Later we will return to Kepler’s views on plant morphology. Kepler always uses the notion of “instinct” in the passage, in the sense of “perceptive ability,” and he refers to the perception of quantitatively defined geometric shapes. Geometry is of the highest value to him. “Traces of geometry are imprinted in the world as if geometry was a prototype of the world” (6). “Geometric figures are eternal, geometric theorems are always true in God’s spirit. Consequently, quantities (quanta) serve as a prototype of the world. ” (7). “The human spirit is the image of the divine spirit and bears the imprint of the geometric ideas of its prototype from the moment people arose” (8).

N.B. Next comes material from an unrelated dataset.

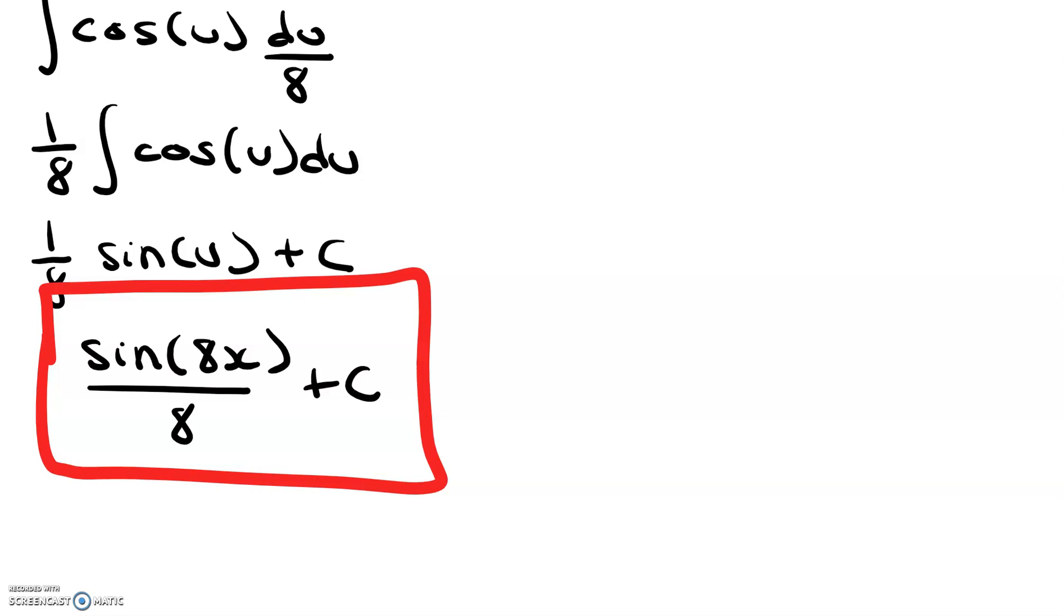Hope this video was helpful. If it was, feel free to check out the rest of my integral playlist, and like and subscribe down below. Thanks so much, bye.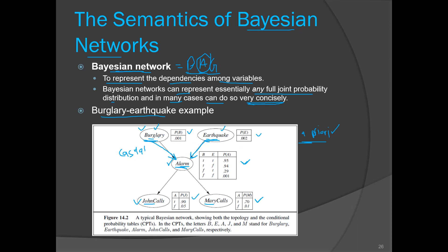The probability of burglary is 0.001 and the earthquake probability is 0.002. This is the full joint distribution table where B stands for burglary and E stands for earthquake. The probability of alarm when both events occur (T, T) is 0.95. For burglary alone it is 0.94, for earthquake alone the probability is 0.29, and due to some other reason — like a short circuit — even when both events are false the alarm may still go off.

Let us now cite two quotes from the already mentioned book IV, “Harmonies of the world”.

The mathematical conclusions, on the basis of which the material world must be built, are eternal, as God is eternal. God is soul and spirit in the highest sense of the word. Christians know that human souls are created in the image and likeness of God … “Mathematical conclusions” are inherent in the soul from creation “(” eius iuerat animae “) (9).

So we ask, how can one comprehend the essence of something that the spirit did not know and could not know if it were devoid of sensory perception of external things? The answer to this question was given in his philosophical works by Proclus. Now, if I’m not mistaken, we use the word “instinct” for this, because the human spirit and other souls are characterized by instinctive knowledge of quantities („quantitas”), although it cannot give them any meaning. The human spirit in itself knows what a straight or equal distance from a point is, and therefore can imagine what a circle is. But as soon as he can, he can even earlier seek evidence and, therefore, perform the function of the eye in contemplation (if he needs it) of the drawing. Of course, for the spirit, if it did not have an eye, it would take an eye to know external things, and the laws of the structure of the eye would be predetermined by the spirit and contained in it … because the inherent knowledge of the spirit inherent in the dictates what the eye should be. Consequently, the eye has become like a spirit, and not vice versa. One may ask, why so many words? Geometry exists from the creation of things, eternal, as the spirit of God is eternal. Geometry is God himself (for, what is in God, what is not God?) And serves as a prototype for the creation of the world. Along with the image of God, geometry entered people and was perceived by them not only through the eyes (10).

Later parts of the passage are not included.